Prophet Muhammad used the conceptual framework found in the Quran to found a working community. He organized a Muslim society in the small city to become known as Medina. Prophet Muhammad was not only a prophet and religious leader he was now also a statesman. The Merriam Webster dictionary defines a statesman as one versed in the principles or art of government, and a wise, skillful and respected political leader. This was a role in which Prophet Muhammad excelled. He translated God’s law into state law, the first example of which was the constitution of Medina. The policies and institutions he set in place in Medina enabled the initially small community to become the heart of a magnificent state. The Muslim nation expanded with remarkable speed because its remarkable leader built a society based on the Islamic concepts of justice and tolerance.
Prophet Muhammad did not achieve this alone; he surrounded himself with capable and trustworthy people. He excelled at the role of an administrator and practiced the art of delegating. Prophet Muhammad understood social dynamics and was always able to choose the right person for the job at hand. He was known to be politically creative in the areas of conflict resolution and diplomacy. He developed a sophisticated intelligence network in order to keep abreast of political and military affairs in the regions surrounding his new nation. He used this intelligence to make correct and fact based judgments. It was Prophet Muhammad’s implementation of sound policies that enabled the fledgling nation to withstand the shock of his death.
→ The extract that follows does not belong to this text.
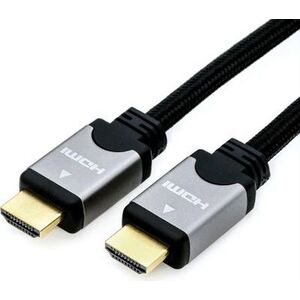 Kabel Roline HDMI - HDMI 7.5m srebrny (JAB-3738159)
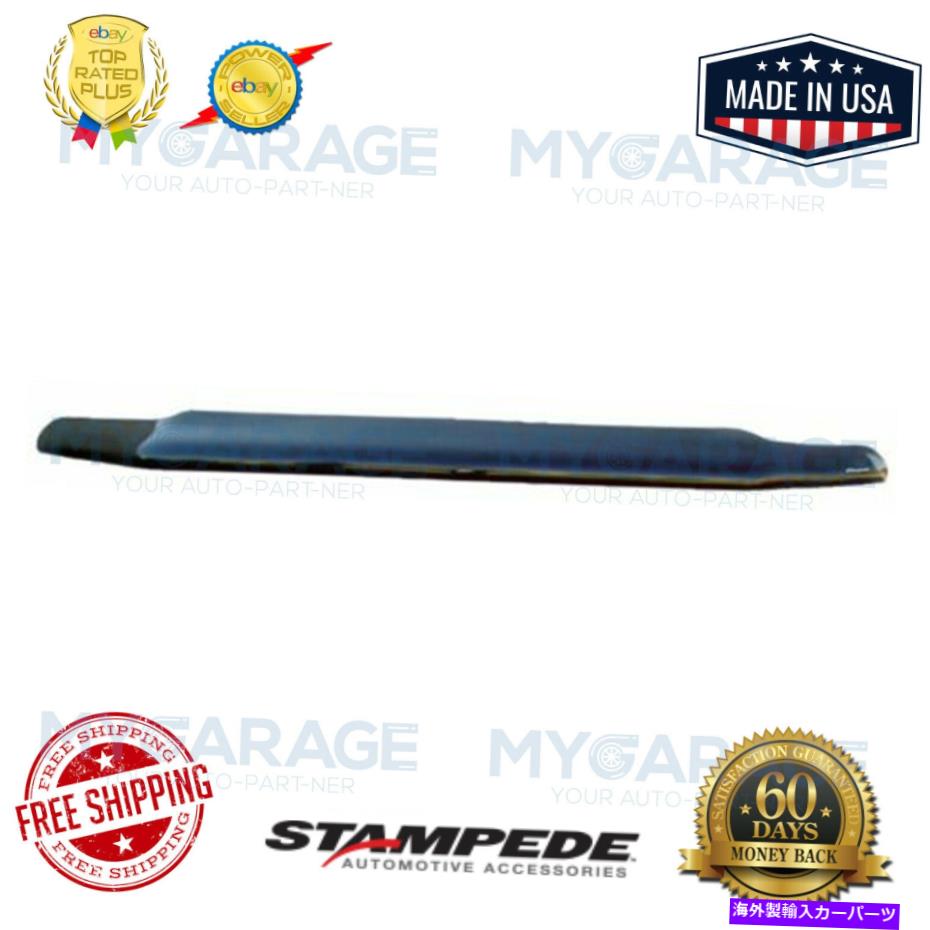 バグシールド Stampede Vigilante Premium Hood Protector Smoke for Toyota 4runner＃2322-2 Stampede Vigilante Premium Hood Protector Smoke for Toyota 4Runner # 2322-2【並行輸入品】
Prophet Muhammad used his remarkable understanding of international affairs to negotiate treaties and resolutions that were beneficial to the Muslim nation, even relinquishing small military considerations to strengthen long term political positions. The ‘shy shepherd boy’ had grown into one of history’s most effective generals. He excelled at military leadership. In the short space of just ten years Prophet Muhammad had fought eight major battles. He so transformed his armies and the military warfare of Arabia that his successors were able to defeat the armies of Persia and Byzantium to establish the Caliphate of Islam.
Prophet Muhammad’s most important role was to convey the message of Islam, that God is one, without partners, sons or daughters, and He alone deserves worship. He excelled at this role and many others even though he was completely human with normal human limitations. He was a statesman, administrator, diplomat, teacher, military leader and reformer. Prophet Muhammad was a man who excelled in many roles.
 W. Montgomery Watt. Muhammad: Prophet and Statesman. Oxford University Press, 1961.
 Shirazi, Imam Muhammad. The Prophet Muhammad - A Mercy to the World. Createspace Independent Pub, 2013, p. 74.
 Saheeh Muslim
 W. Montgomery Watt. Muhammad: Prophet and Statesman. Oxford University Press, 1961 from pg. 229.
 R A Gabriel, 2007, Muhammad: The Warrior Prophet in, MHQ: The Quarterly Journal of Military History.